#### [Instructions for the task]
All lines from the one including "Kot z opatrunkiem, trzymany przez osobę." to the bottom of the entries below should be repeated exactly, both ends kept.

#### [Short text fragments from websites]
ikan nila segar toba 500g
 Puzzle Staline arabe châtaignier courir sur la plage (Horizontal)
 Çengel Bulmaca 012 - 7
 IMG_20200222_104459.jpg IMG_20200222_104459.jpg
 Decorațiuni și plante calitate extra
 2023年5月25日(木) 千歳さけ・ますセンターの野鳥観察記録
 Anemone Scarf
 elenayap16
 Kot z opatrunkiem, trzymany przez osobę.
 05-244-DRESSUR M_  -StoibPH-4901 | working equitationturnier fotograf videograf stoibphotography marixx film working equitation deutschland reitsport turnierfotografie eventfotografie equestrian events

#### [Task response]
 Kot z opatrunkiem, trzymany przez osobę.
 05-244-DRESSUR M_  -StoibPH-4901 | working equitationturnier fotograf videograf stoibphotography marixx film working equitation deutschland reitsport turnierfotografie eventfotografie equestrian events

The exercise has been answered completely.